# How can we find you when camping?



## happiestcamper

After posting for awhile, I realized what a great group of people we have here, and what a shame it would be to be in the same CG and not run into y'all in person. So, I'll go first: June 29 - July 3 (may stay an extra night or two) and July 27 - August 3 we will be at Davidson River CG in Brevard NC. Keystone Cabana hybrid, pewter Suburban, Mount Pleasant South Carolina sign hanging on site post.

If you're there, look us up :10220:


----------



## cts424

July 3 - 6 and Labor day weekend we will be at Buttonwood Campground in Port Royal , PA. . Blue Dodge Ram 1500 and a white Jack Russell will be how you can spot us !!!


----------



## kiteri

We should make a "camper community" symbol!!!

Get it made into decals, and proudly display it on your RV or campsite!

Any suggestions?

A golden flame :icon_smile_campfire

A large smore :icon_smile_smore:

A big can of beer :thumbup1:

hehehehehe. I would definately stop by the campsite of the guy with the huge beer decal!


----------



## ecc

Hi all, we will be camping for the first time in our new to us Keystone Cub at Watsadler on Lake Hartwell in Georgia on Aug. 1-3, we have a white Jeep Cherokee.


----------



## l2l

kiteri said:


> We should make a "camper community" symbol!!!
> 
> Get it made into decals, and proudly display it on your RV or campsite!
> 
> Any suggestions?
> 
> A golden flame :icon_smile_campfire
> 
> A large smore :icon_smile_smore:
> 
> A big can of beer :thumbup1:
> 
> hehehehehe. I would definately stop by the campsite of the guy with the huge beer decal!


This is a GREAT idea, not only can we find each other but we can advertise the site as well, kill two birds with one stone.
As much as I like my beer I think the beer symbol will invite unwanted people to our sites :smack-head: My vote is for the flame, or maybe even the site logo at the very top of the page, think that would look cool affixed to our name sign...


----------



## kiteri

I belong to a community for "Disney a holics" and they have a universally accepted symbol of a lime green Mickey head that you display on your room door, your back pack zipper, your camper etc. to show that you belong to that forum. (I think a bunch of members from that forum signed up here when I posted the link to camper community over there)

I mean who else is going to have a lime green Mickey head just casually stuck on something???????? hehehe

I was joking about the beer logo too!!!

I am game for a symbol to show my camper community spirit!!!!!!


----------



## happiestcamper

Saturday April 4 - Thursday April 9 we will be at Davidson River CG in Brevard NC. Keystone Cabana hybrid, pewter Suburban, Mount Pleasant South Carolina sign hanging on site post.

If you're there, look us up :10220:


----------



## mark

I would be willing to sketch a few ideas, and even know of a company that will print them for a fair price, but how could I upload the sketches for everyone to vote on ?


----------



## ctfortner

mark said:


> I would be willing to sketch a few ideas, and even know of a company that will print them for a fair price, but how could I upload the sketches for everyone to vote on ?

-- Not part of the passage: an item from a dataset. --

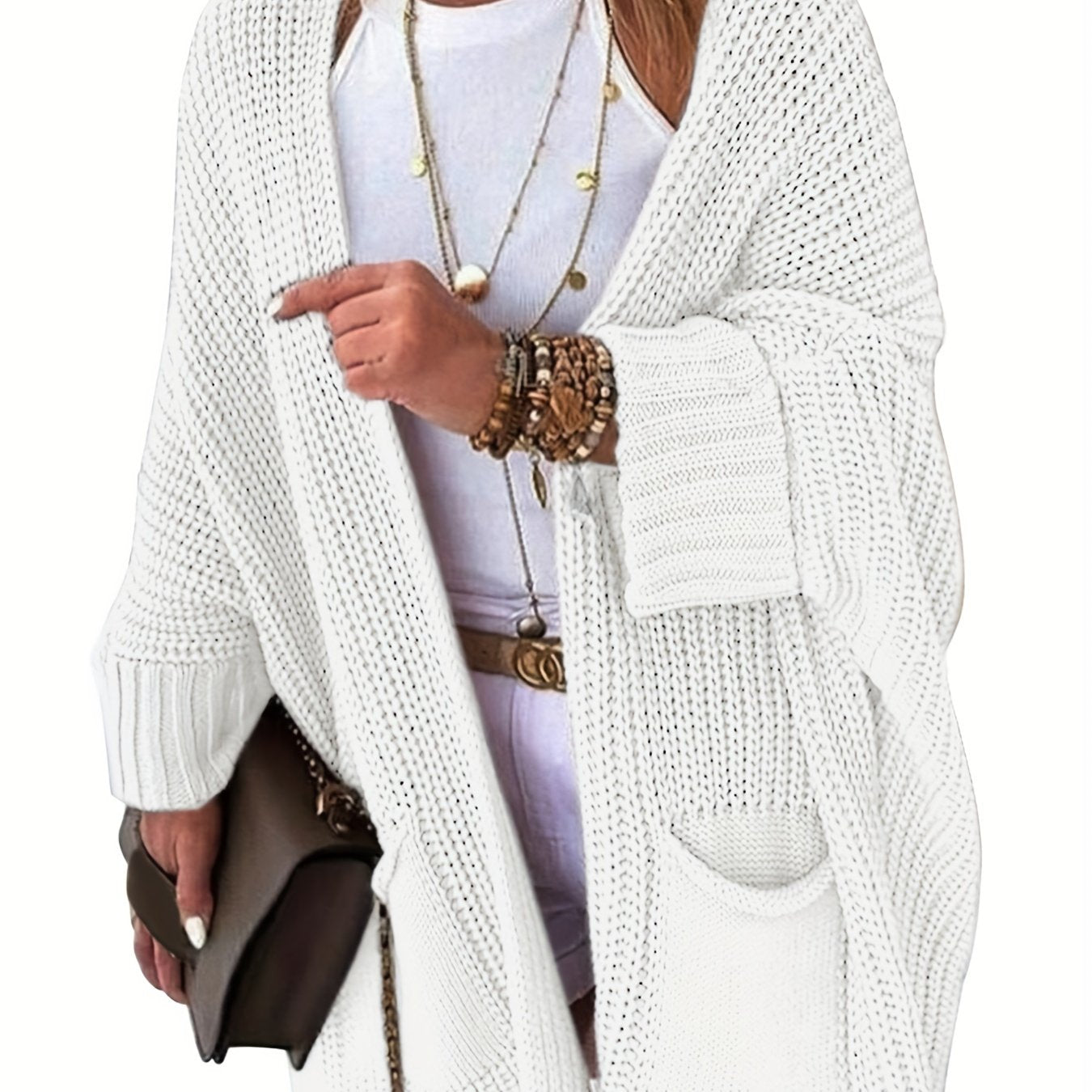 Stay warm and stylish this fall and winter with an elegant mid-length knit cardigan featuring convenient pockets.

Would love to see what you come up with. Read over this thread for uploading pics. Probably would be best if you start a new thread for it, so everyone will see it.

OR, you can email/PM me and I can post them.


----------



## orangecamper

I think a logo for us would be awesome! I would proudly display it on my jeep! (Though, I have an orange Liberty, not too common, LOL!)
I am going to be in Starved Rock, in IL April 20-25. Probably... If they aren't flooded!


----------



## mark

CT, could you give me an e-mail address to send you my first "rough draft" so you can post it and we can get some feedback from our members ? Please be gentle ! I only had about 25 free minutes today, it is a really "rough" draft.
I would like to have as many suggestions as possible to make this our logo ! 
I have another version of the one I will be sending,that includes a travel trailer sillouette, I will make a rough sketch of it tomorrow evening and send it thursday. 
Also, if I could get a rough idea of how many stickers we would be interested in as a group it would help me haggle with the printer for the best price, after all, we campers are a frugal bunch :rotflmao1:
I was also wondering if anyone would be interested in having our logo on a multi-colored patch to sew on vests, backpacks, fishing caps or what-have-you ? Possibly camper community T-shirts ? The company I deal with for my business gives multiple product discounts, so the more products we want the better the overall pricing. Any and all suggestions are greatly appreciated, this is our community, our lifestyle, our project ! 
My e-mail address is [email protected] feel free to send ideas for this project to me at my e-mail or pm me, opinions or input of any kind ! let's take this good idea and run with it and make it great ! I would love to see every member be involved with this. 
I apologize CT for not being very computer literate when it comes to uploading documents, I can fix or make anything in the world, but there are still some things that I just can't figure out...yet, but I'm learning
by the way.. there are underscores between the words and numbers in my e-mail address you can't see because of the underline :bang:


----------



## orangecamper

:10001:
OOO, I would LOVE a tshirt or sweatshirt or something like that! We dress casual at work, can show off my Camper Community pride!!! :clapping::yippie:


----------



## southrnbound

We'll be camping at Greenwood Acres in Grass Lake MI -Memorial weekend Totem Pole CG Dundee (by Cabella's) MI June 26 -July 5 love to have any one brave enough to venture this far north to stop by and say :10220:

I would be in for a sticker and a sweatshirt can wait to see the logo!


----------



## ctfortner

*First Draft from Mark*

Mark has shared his draft with me and asked me to post it. Here it is, please provide honest feedback.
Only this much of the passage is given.